**MATERIAL SUPPLIED**.
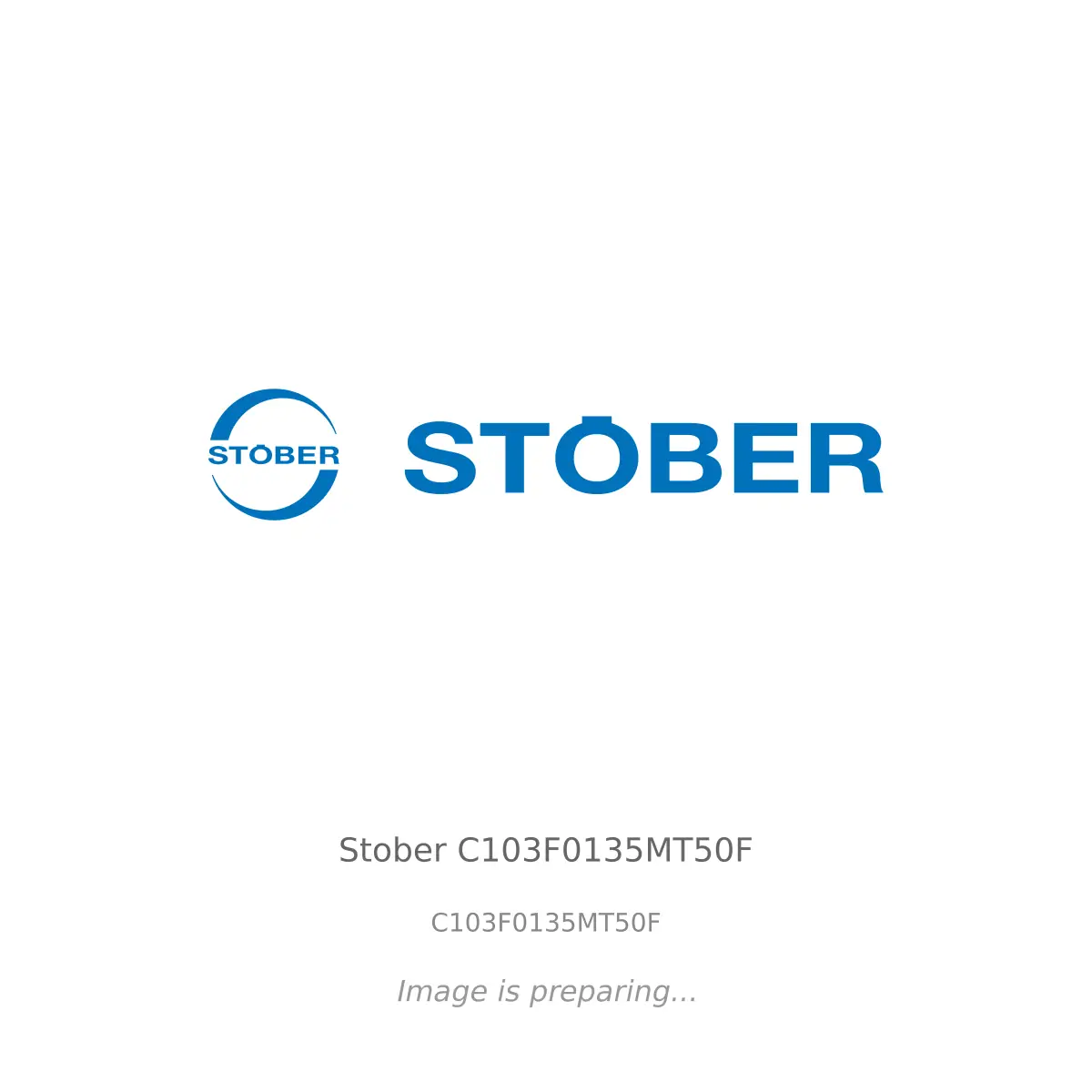 Stober Stober C103F0135MT50F - C103F0135MT50F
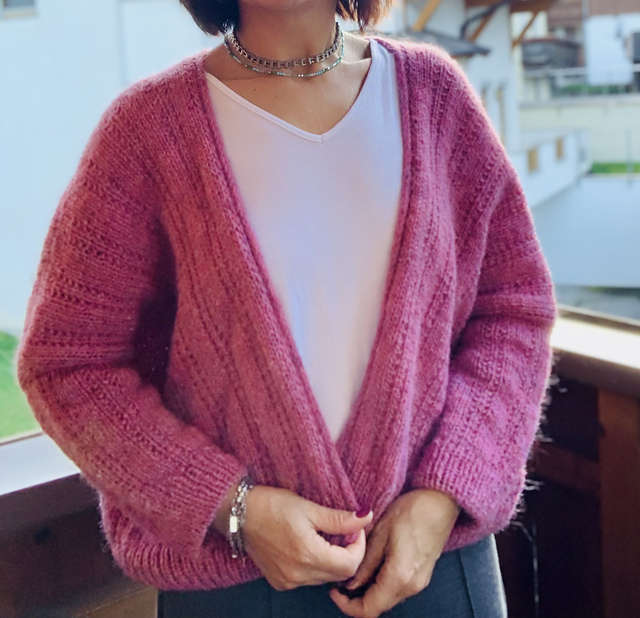 Flow Cardigan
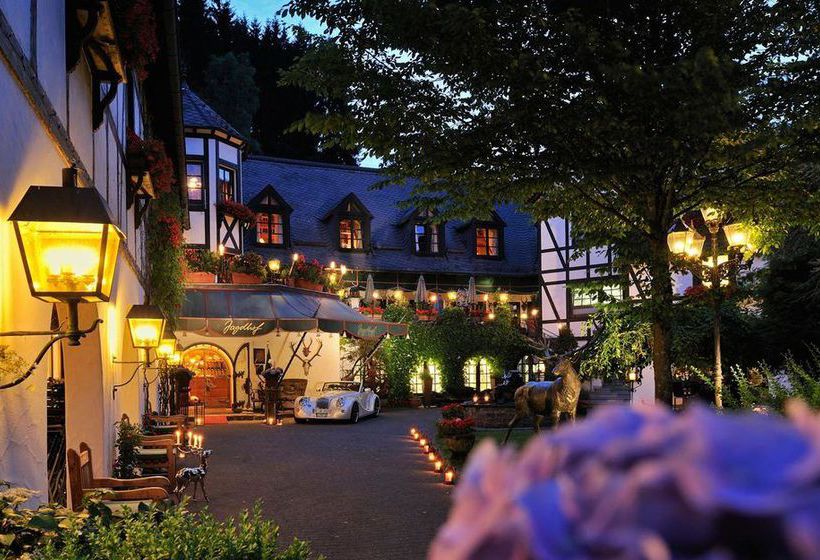 Hotel Jagdhof Glashütte 16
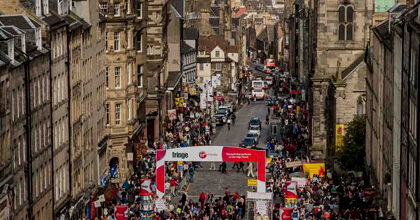 14 estrellas que lo petaron gracias al Edinburgh Fringe [ENG]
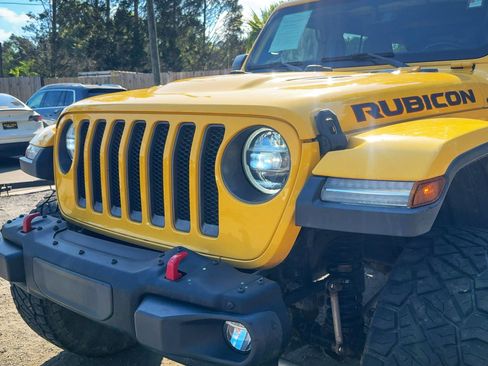 Used 2019 Jeep Wrangler Unlimited Rubicon AWD/4WD image 26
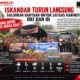Iskandar Turun Langsung Salurkan Bantuan untuk Satgas Karhutla OKI dan OI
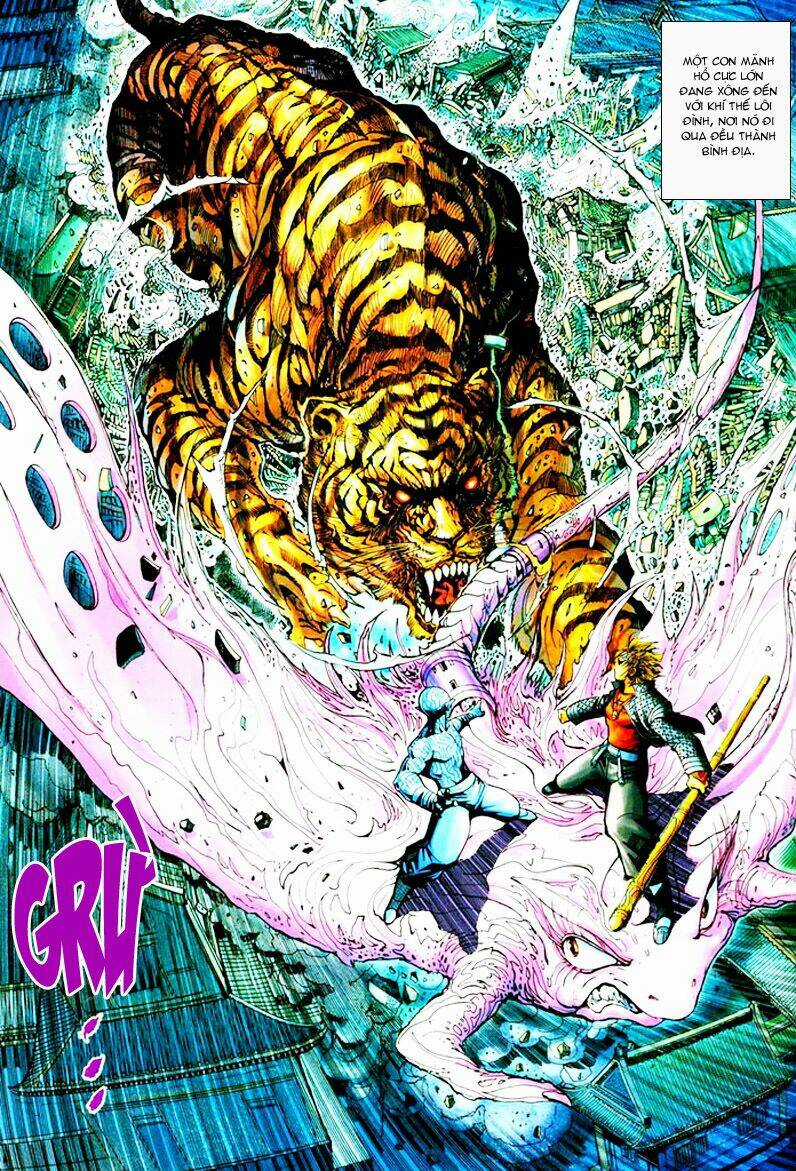 Đại Thánh Vương Chapter 148 trang 14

**WHAT YOU SHOULD DO**. Once you find the line with "Iskandar Turun Langsung", restate it and every later line of the data word for word, excluding the pictures.

**ANSWER FOR THIS EXERCISE**.
Iskandar Turun Langsung Salurkan Bantuan untuk Satgas Karhutla OKI dan OI
 Đại Thánh Vương Chapter 148 trang 14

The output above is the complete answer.